--- START ---

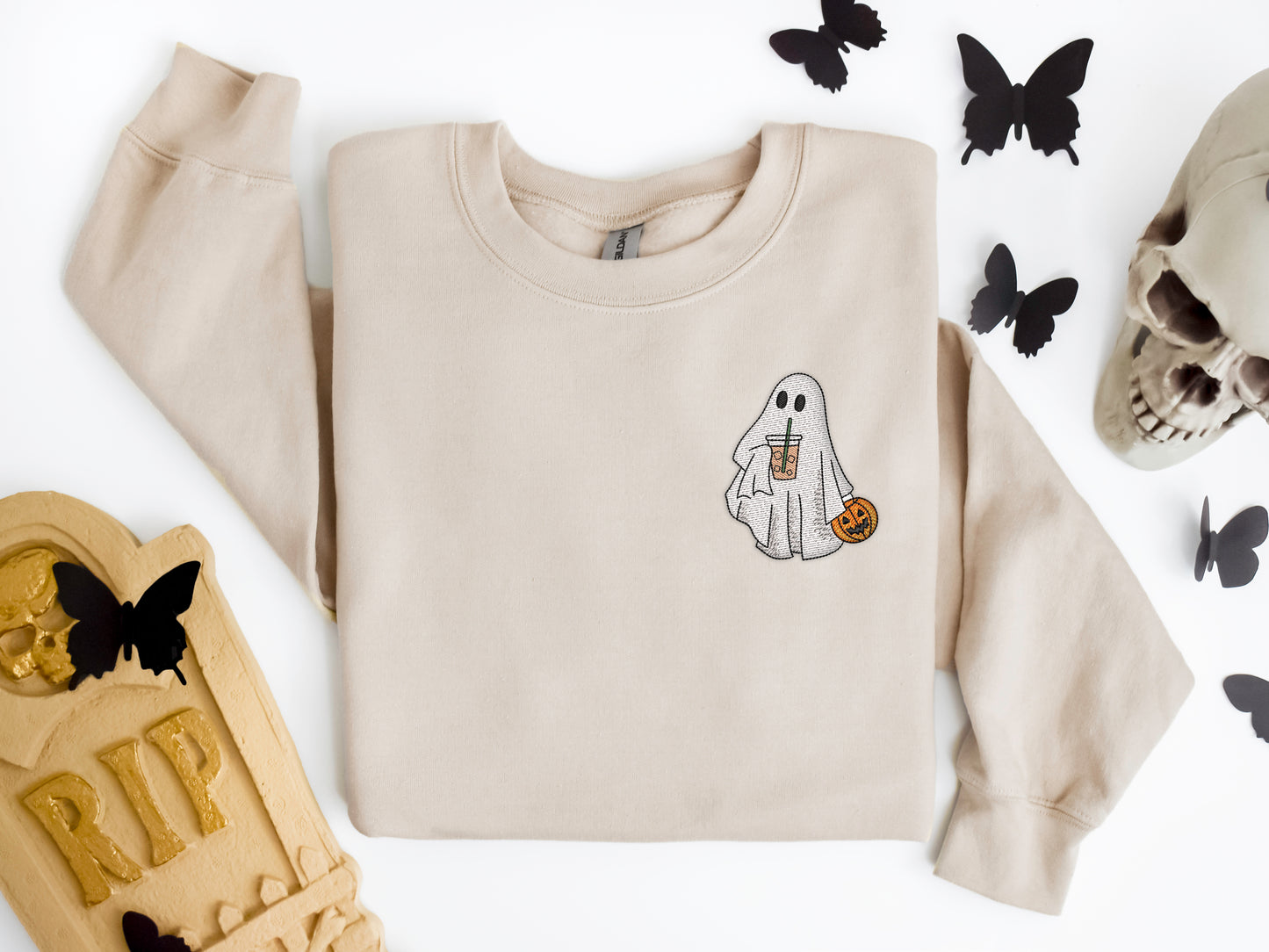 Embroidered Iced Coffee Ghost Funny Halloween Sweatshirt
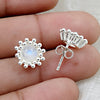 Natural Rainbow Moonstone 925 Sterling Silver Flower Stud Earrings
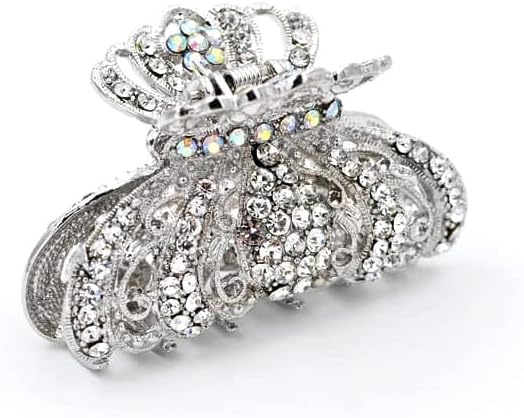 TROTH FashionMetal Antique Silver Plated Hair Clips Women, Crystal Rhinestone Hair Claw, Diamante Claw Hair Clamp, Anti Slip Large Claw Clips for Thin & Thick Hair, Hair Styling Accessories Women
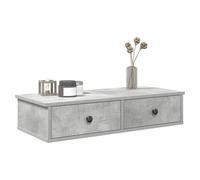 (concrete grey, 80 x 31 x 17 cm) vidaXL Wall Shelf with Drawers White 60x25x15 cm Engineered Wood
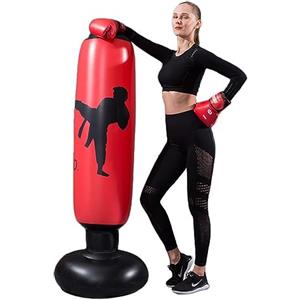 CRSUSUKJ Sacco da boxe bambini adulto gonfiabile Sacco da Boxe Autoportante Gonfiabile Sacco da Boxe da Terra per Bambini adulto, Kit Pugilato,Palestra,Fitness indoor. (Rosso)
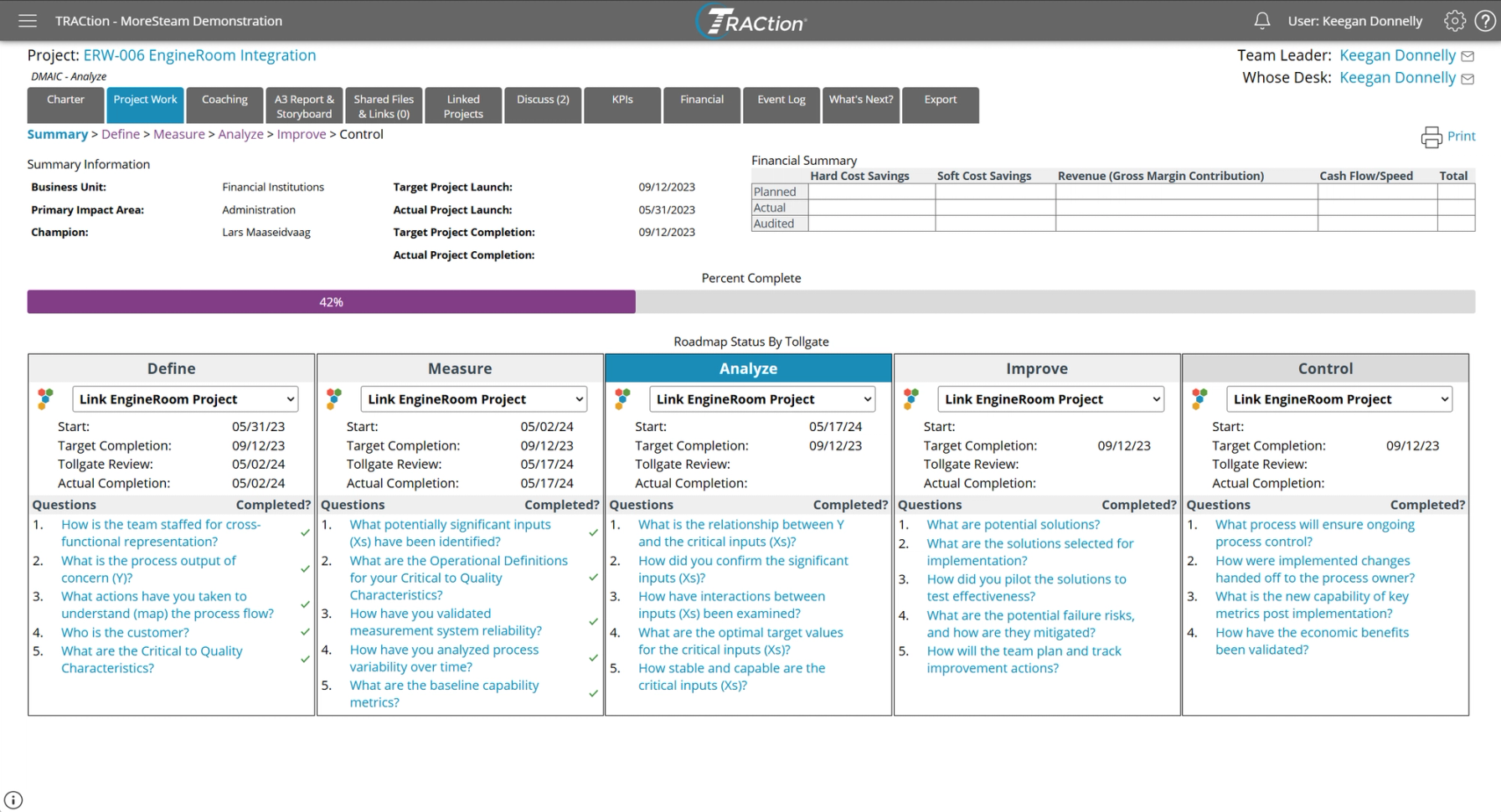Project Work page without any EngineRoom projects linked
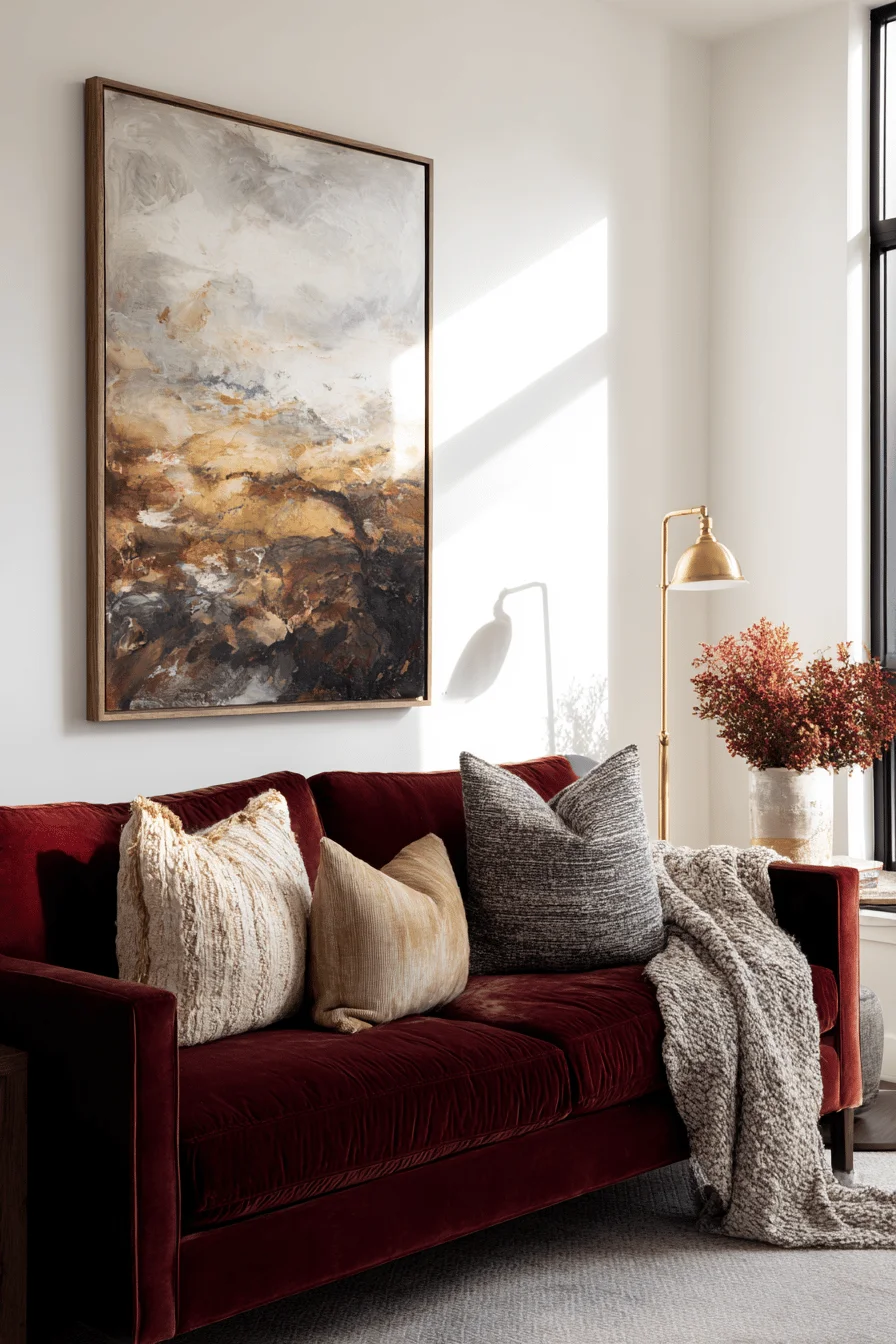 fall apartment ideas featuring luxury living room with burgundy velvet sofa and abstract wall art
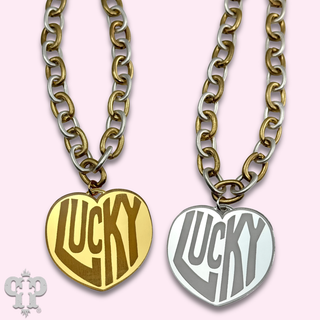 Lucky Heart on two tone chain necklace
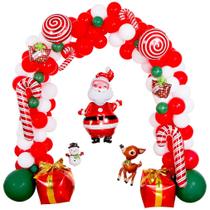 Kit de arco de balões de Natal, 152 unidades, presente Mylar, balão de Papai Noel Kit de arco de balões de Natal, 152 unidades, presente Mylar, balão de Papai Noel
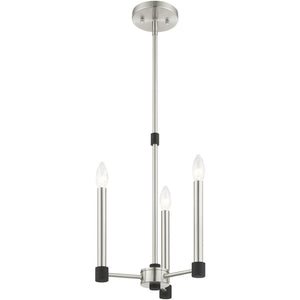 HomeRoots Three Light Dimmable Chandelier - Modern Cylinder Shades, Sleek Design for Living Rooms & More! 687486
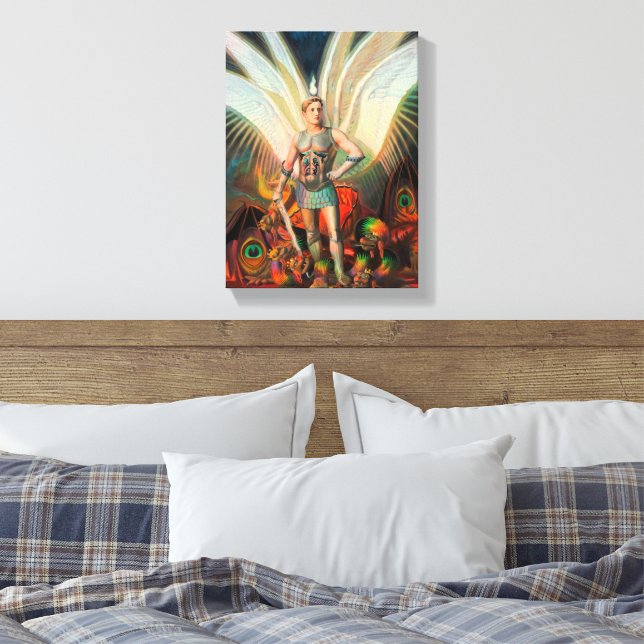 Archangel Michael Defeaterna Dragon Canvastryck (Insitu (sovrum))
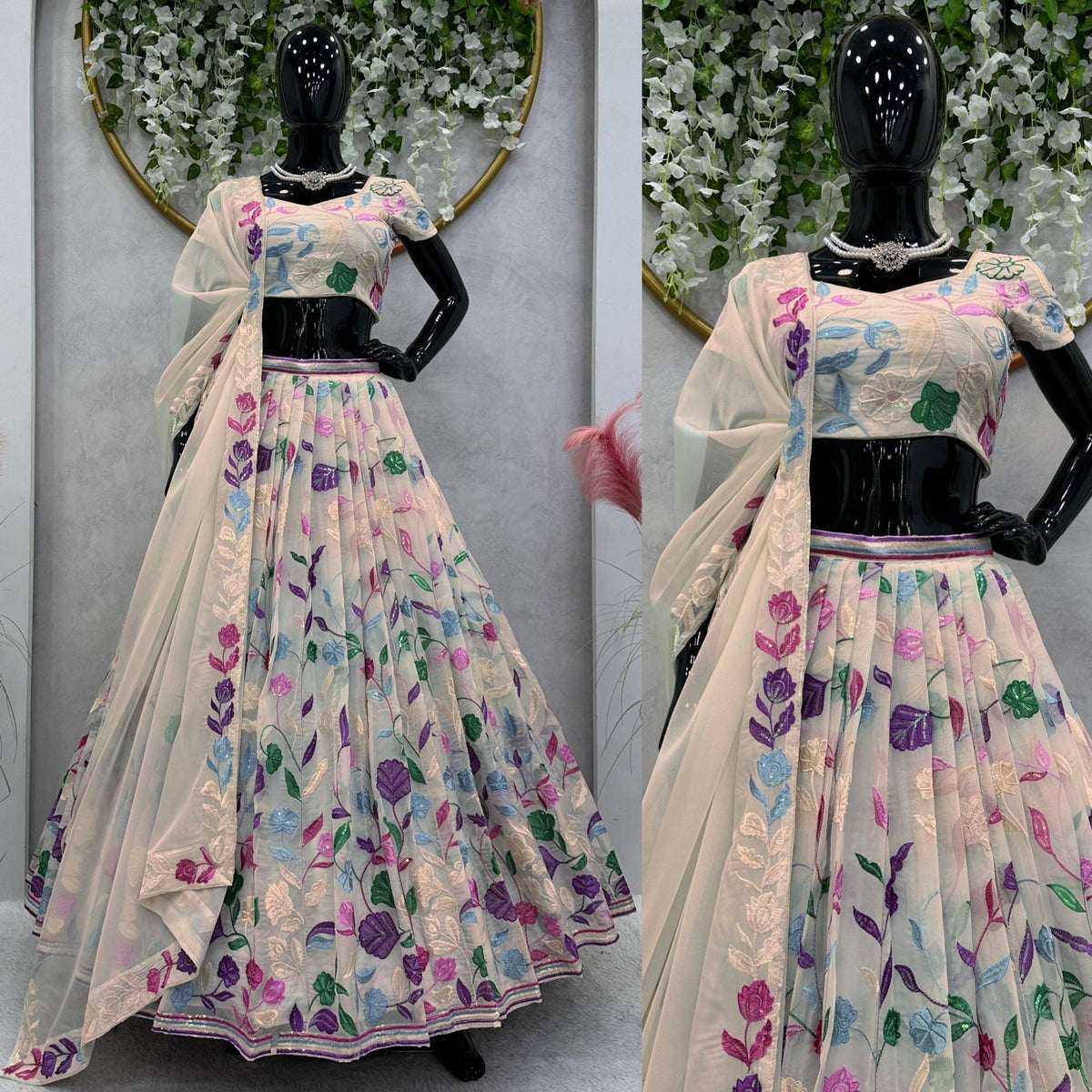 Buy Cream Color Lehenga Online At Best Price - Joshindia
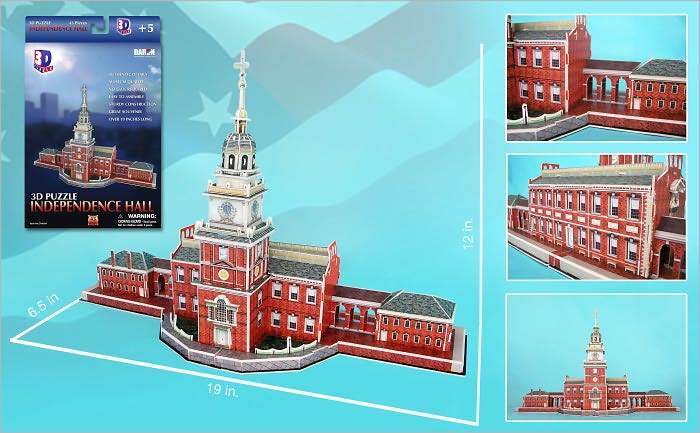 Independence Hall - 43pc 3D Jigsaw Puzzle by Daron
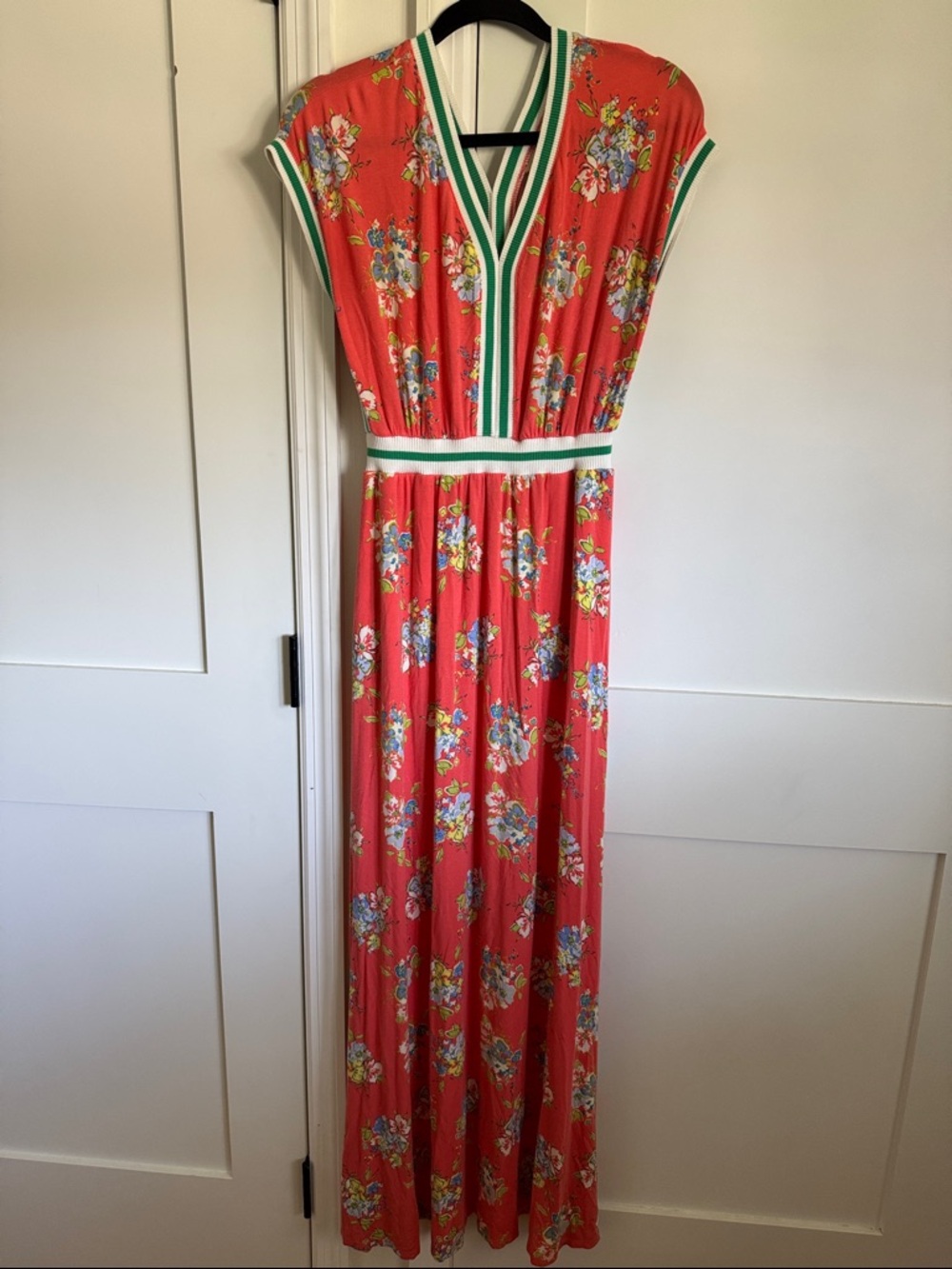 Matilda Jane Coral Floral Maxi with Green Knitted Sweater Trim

--- END ---

Task brief ▸
Restate the listing word for word, pictures omitted.

The completed task ▸
 Embroidered Iced Coffee Ghost Funny Halloween Sweatshirt
 Natural Rainbow Moonstone 925 Sterling Silver Flower Stud Earrings
 TROTH FashionMetal Antique Silver Plated Hair Clips Women, Crystal Rhinestone Hair Claw, Diamante Claw Hair Clamp, Anti Slip Large Claw Clips for Thin & Thick Hair, Hair Styling Accessories Women
 (concrete grey, 80 x 31 x 17 cm) vidaXL Wall Shelf with Drawers White 60x25x15 cm Engineered Wood
 CRSUSUKJ Sacco da boxe bambini adulto gonfiabile Sacco da Boxe Autoportante Gonfiabile Sacco da Boxe da Terra per Bambini adulto, Kit Pugilato,Palestra,Fitness indoor. (Rosso)
Project Work page without any EngineRoom projects linked
 fall apartment ideas featuring luxury living room with burgundy velvet sofa and abstract wall art
 Lucky Heart on two tone chain necklace
 Kit de arco de balões de Natal, 152 unidades, presente Mylar, balão de Papai Noel Kit de arco de balões de Natal, 152 unidades, presente Mylar, balão de Papai Noel
 HomeRoots Three Light Dimmable Chandelier - Modern Cylinder Shades, Sleek Design for Living Rooms & More! 687486
 Archangel Michael Defeaterna Dragon Canvastryck (Insitu (sovrum))
 Buy Cream Color Lehenga Online At Best Price - Joshindia
 Independence Hall - 43pc 3D Jigsaw Puzzle by Daron
 Matilda Jane Coral Floral Maxi with Green Knitted Sweater Trim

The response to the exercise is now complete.